• The data:
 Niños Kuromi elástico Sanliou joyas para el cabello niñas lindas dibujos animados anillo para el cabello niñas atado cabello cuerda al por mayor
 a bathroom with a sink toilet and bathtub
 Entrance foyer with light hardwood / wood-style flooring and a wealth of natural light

---

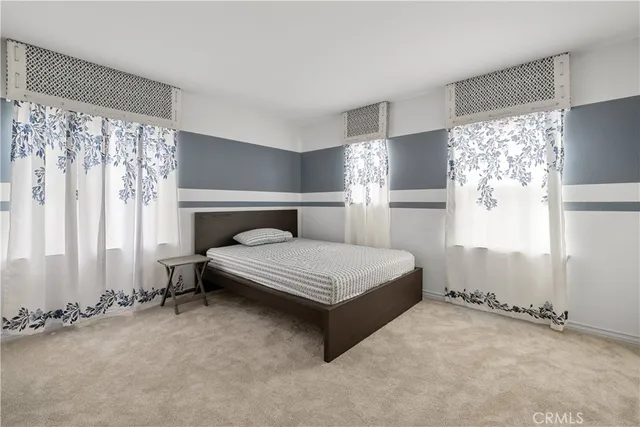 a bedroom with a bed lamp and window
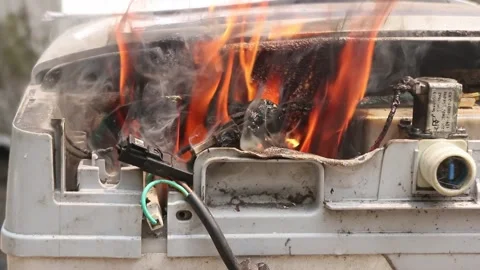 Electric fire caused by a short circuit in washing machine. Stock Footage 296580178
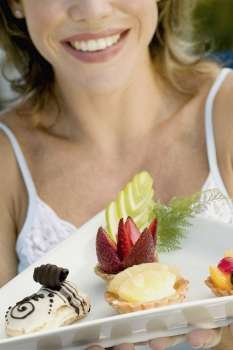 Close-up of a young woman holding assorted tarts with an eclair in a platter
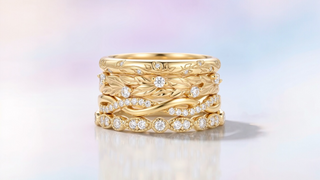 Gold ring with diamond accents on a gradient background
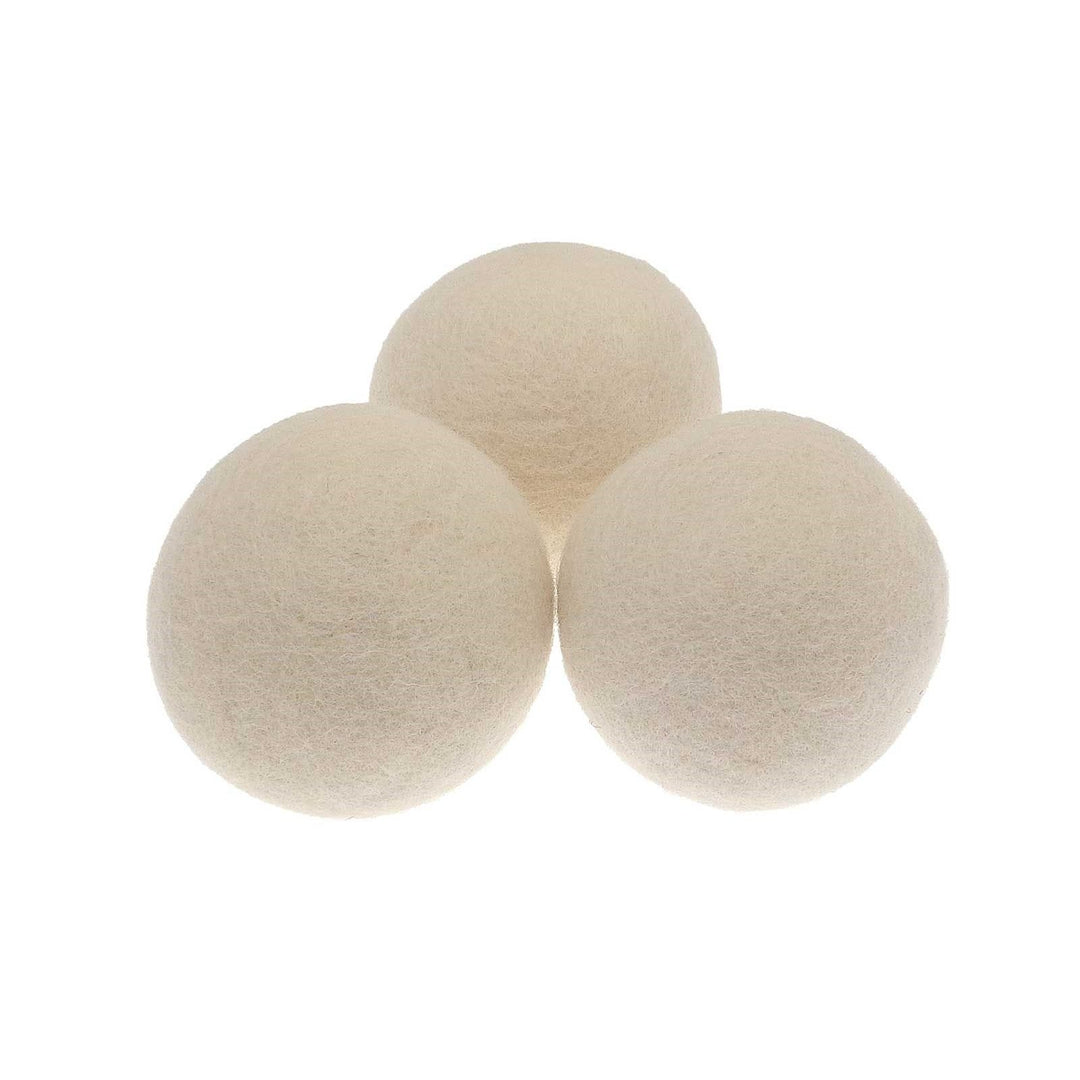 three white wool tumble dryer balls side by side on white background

• Work instructions:
Beginning with the line above that contains "Electric fire caused" and ending with the line that contains "three white wool", quote each line exactly, keeping out the pictures.

• Response to the exercise:
 Electric fire caused by a short circuit in washing machine. Stock Footage 296580178
 Close-up of a young woman holding assorted tarts with an eclair in a platter
 Gold ring with diamond accents on a gradient background
 three white wool tumble dryer balls side by side on white background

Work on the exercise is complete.